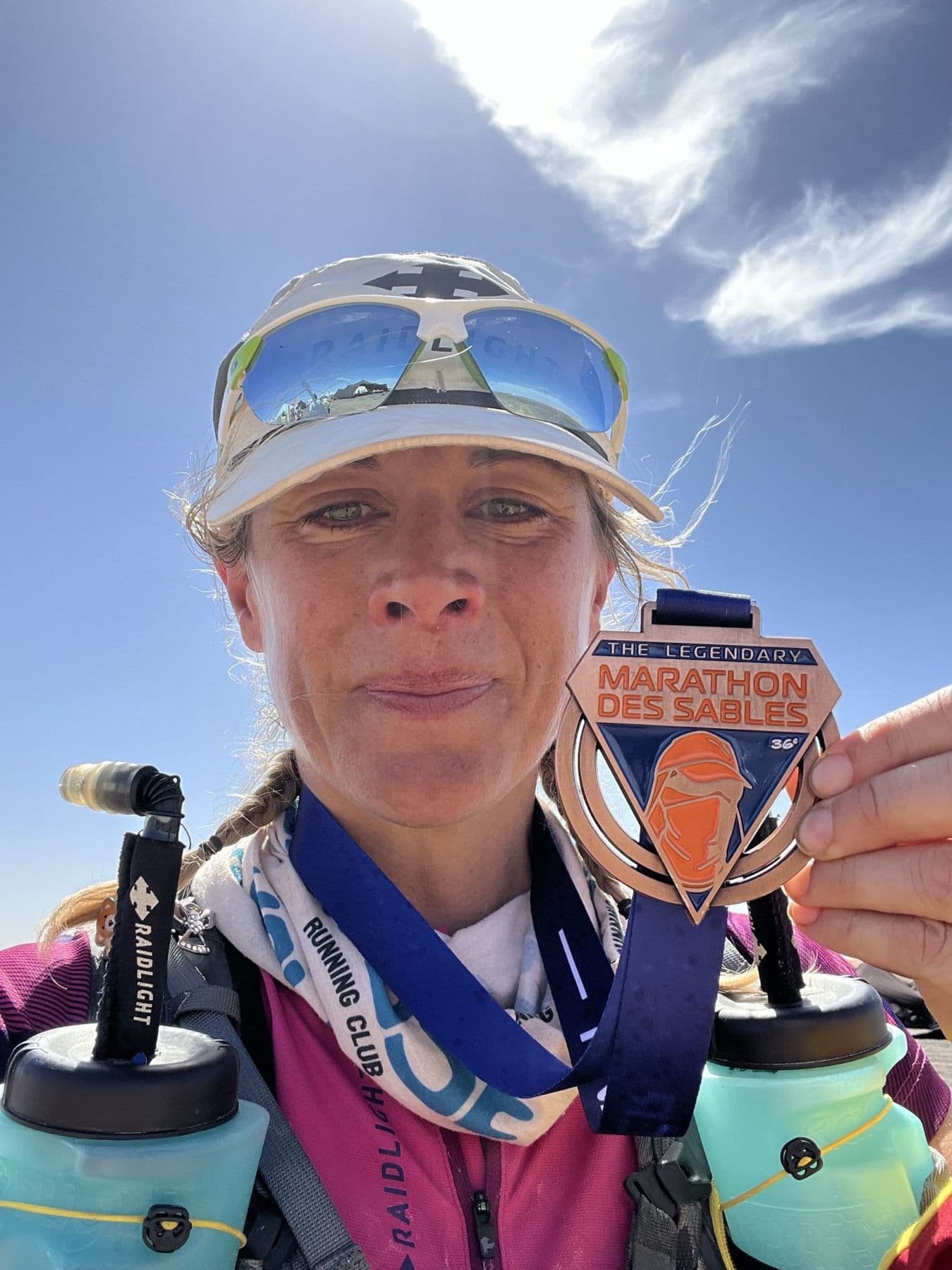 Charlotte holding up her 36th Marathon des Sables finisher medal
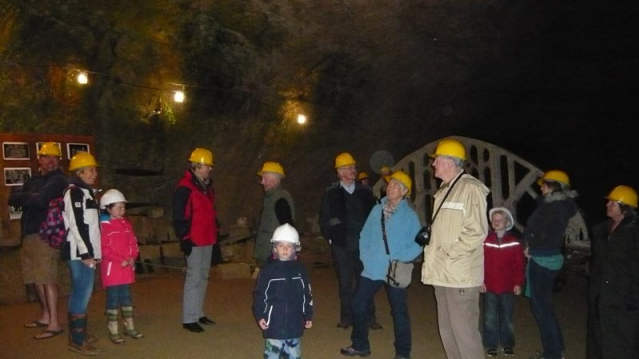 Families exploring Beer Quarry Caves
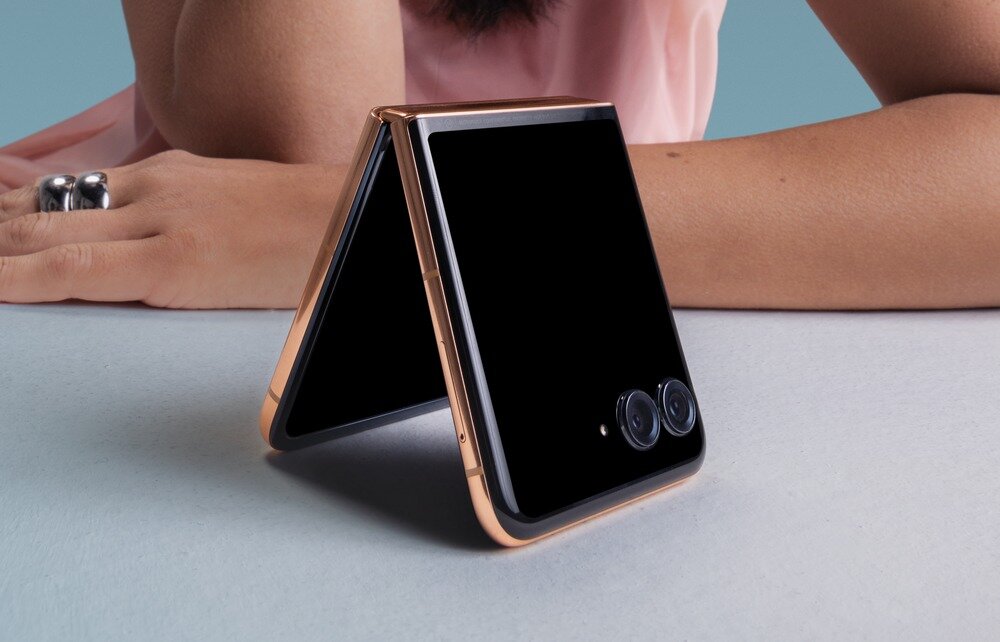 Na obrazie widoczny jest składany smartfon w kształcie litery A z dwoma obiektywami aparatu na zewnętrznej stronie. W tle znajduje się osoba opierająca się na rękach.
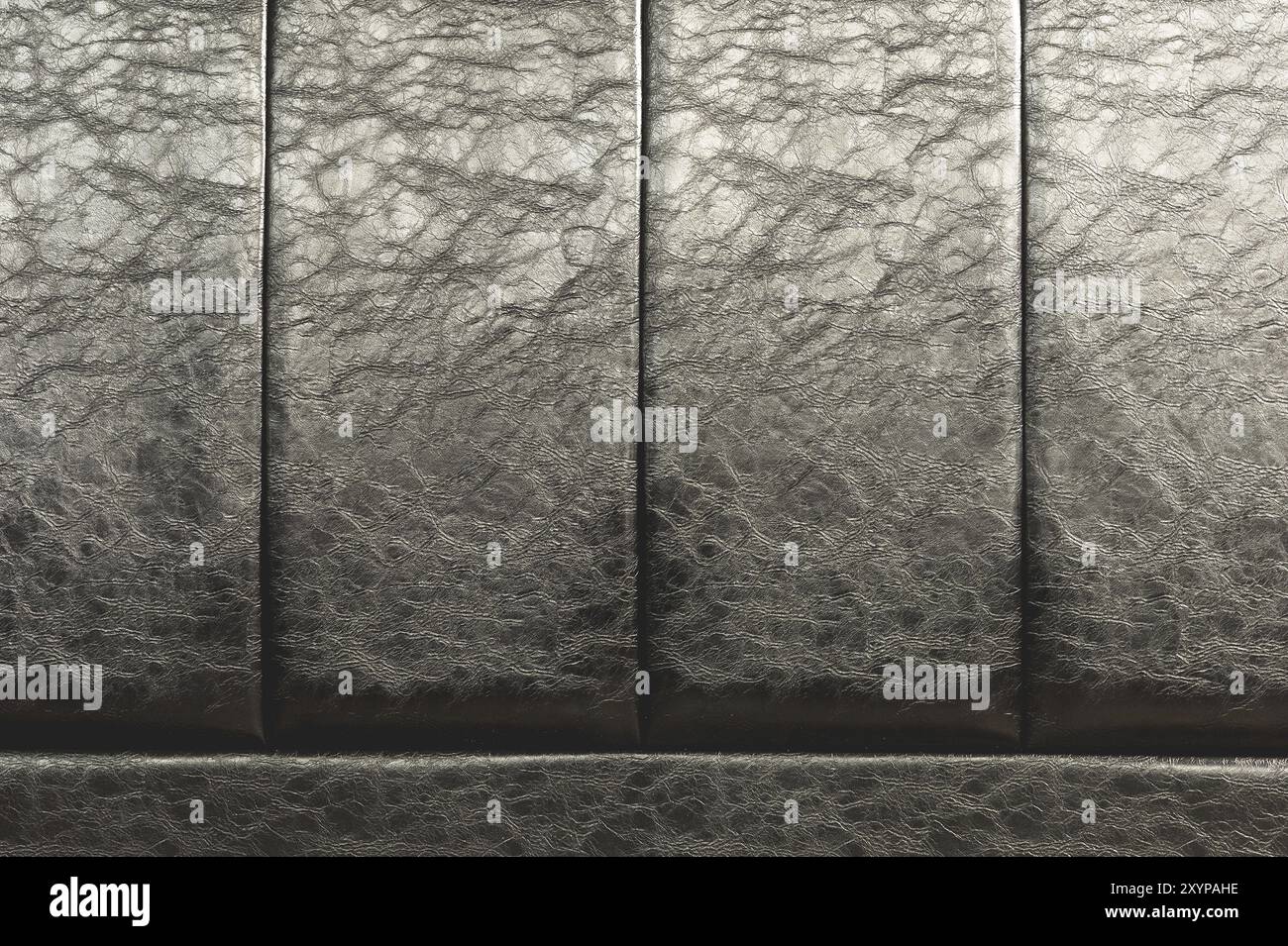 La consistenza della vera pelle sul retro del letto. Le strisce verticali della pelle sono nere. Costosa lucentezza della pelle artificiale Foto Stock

**Work to be completed**
Skipping the pictures, print the lines in the listing above exactly as written, starting at the line with "Families exploring Beer Quarry Caves" and ending at the line with "Na obrazie widoczny", both included.

**Answer box**
 Families exploring Beer Quarry Caves
 Na obrazie widoczny jest składany smartfon w kształcie litery A z dwoma obiektywami aparatu na zewnętrznej stronie. W tle znajduje się osoba opierająca się na rękach.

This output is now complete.